= Philip Howard (pianist) =

British musician

Philip Howard (born 1976) is a British-born composer and pianist, at present best known for his performances of music by Morton Feldman and Iannis Xenakis.

Howard studied in London, at the Royal Academy of Music. Taught to the age of 18 by Dr Alexander Abercrombie, his teachers at the RAM were Graeme Humphrey and Michael Finnissy.

His first success came as a composer, when in 1992 he won joint First Prize in the first BBC Young Musician of the Year Lloyds Bank Composer Award.

In 2003 Howard came to wider international recognition after winning First Prize in the Gaudeamus International Interpreters Award, as the first British winner in 35 years.

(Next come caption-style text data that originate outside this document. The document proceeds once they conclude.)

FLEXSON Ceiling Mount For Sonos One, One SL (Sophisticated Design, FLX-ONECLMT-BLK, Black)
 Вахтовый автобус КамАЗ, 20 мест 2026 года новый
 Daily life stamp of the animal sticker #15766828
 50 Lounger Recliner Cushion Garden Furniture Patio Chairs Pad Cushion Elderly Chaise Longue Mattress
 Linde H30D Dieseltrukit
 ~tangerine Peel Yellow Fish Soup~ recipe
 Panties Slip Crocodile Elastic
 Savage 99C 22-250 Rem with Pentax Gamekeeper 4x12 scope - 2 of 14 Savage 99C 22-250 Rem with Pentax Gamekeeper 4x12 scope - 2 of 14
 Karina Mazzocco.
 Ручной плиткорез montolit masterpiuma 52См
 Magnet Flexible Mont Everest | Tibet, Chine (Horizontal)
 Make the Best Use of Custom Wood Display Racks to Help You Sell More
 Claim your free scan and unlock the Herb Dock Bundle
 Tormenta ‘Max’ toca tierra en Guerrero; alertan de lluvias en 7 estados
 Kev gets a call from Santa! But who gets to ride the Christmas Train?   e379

Ridley Scott's film Prometheus uses on its soundtrack a performance of Chopin's "Raindrop" Prelude recorded by Howard.

==Awards and recognitions==
- First Prize, International Gaudeamus Interpreters Competition in 2003
- Joint First Prize, BBC Young Musician of the Year Lloyds Bank Composer Award in 1992

==Discography==
- Decoding Skin – solo piano music of Morton Feldman, Iannis Xenakis, Michael Finnissy, Paul Newland, Max Wilson and Paul Whitty (Divine Art CD 25021)
- Maldon and other Choral Works – EXAUDI vocal ensemble, with Philip Howard and Michael Finnissy, piano duet (NMC D110)
- [rout]one – British new music group [rout] play Paul Newland, Paul Whitty and Sam Hayden. (Divine Art CD 29001)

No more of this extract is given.